I was reminded a few weeks ago about how awesome my nephew Thomas Te Hira is and was just sitting by the fire now and thinking about how blessed I am to have wonderful nieces and nephews.

Tommy T is a great road trip companion. You might remember he came up to the Northern Regionals a few posts ago. While we were in Dargaville Thomas hit it off big time with Jim Hopkins.Jim is great at talking fantastical talk ideal for a smart seven year old. Thomas totally was up with the play although not entirely sure if Jim was entirely truthful in the stories he was telling my boy. The best story was about how Northland has land sharks. You have to understand Dargaville sits on the edge of a lazy, muddy river (it's a cursed river too) and very coastal so land sharks are entirely possible.

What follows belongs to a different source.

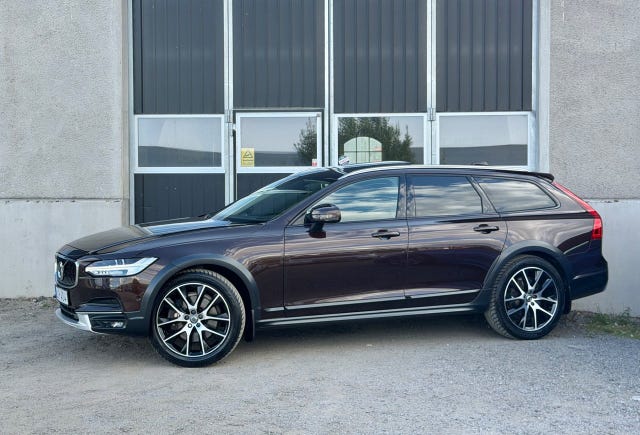 Volvo V90 Cross Country 2017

However these land sharks are not all sweetness and light, well kind of light as they sleep a top street lights and have been known to launch themselves onto unsuspecting passersby. I do have admit that as we left Dargaville in the early hours of the morning that all of us, Thomas, Jim and myself were concerned that one of these land sharks might just drop upon us and we would find ourselves stuck in the car at McDonalds, unable to get out for fear of our lives. Thank goodness for drive through.


Luckily at the Regional Contest Committee BBQ, Thomas was taught the correct method to repel any attacks and that is to Morris Dance. For some unknown reason Morris Dancing creates confusion in the small but cunning brains of land sharks and they end up twisting themselves into pretzels type shapes and render themselves useless - which is the perfect kind of land shark.

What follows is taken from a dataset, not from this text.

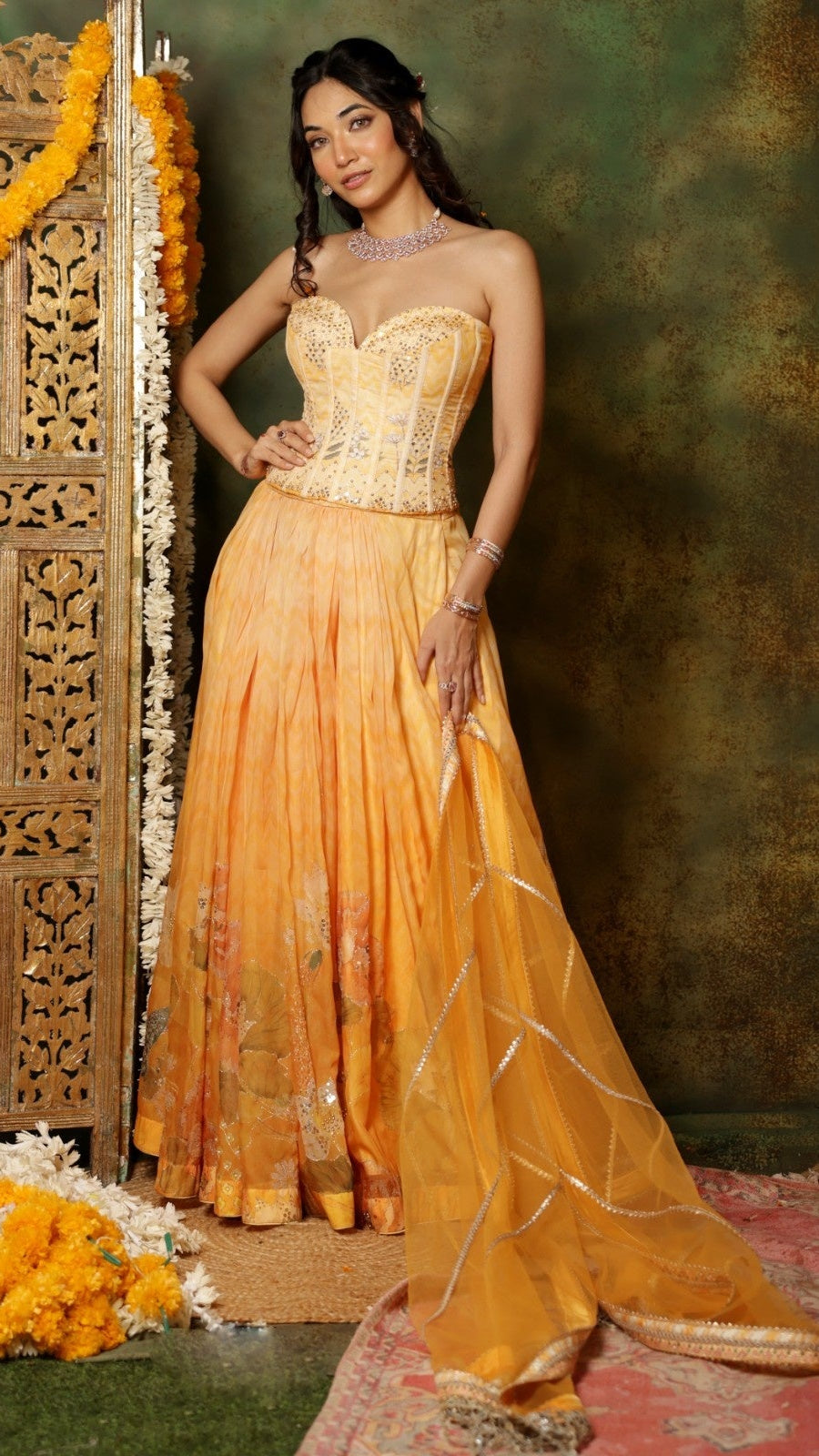 Gulmora Corset Lehnega set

Our only worry was that Thomas was rather tired at the BBQ and didn't take in the entire dance but I'm sure that since then Thomas has brushed up on his Morris Dancing skills and I will feel confident of his ability to chase and confuse any land sharks.

For more fantastical beliefs take a look at I used to believe and add your own, like this one...

"Not knowing the word "tailgater" I assumed that it must be a variety of alligator. Family trips to Colorado were terrifying for me, given that my father spent hours cursing all the tailgaters that were RIGHT... BEHIND... OUR CAR."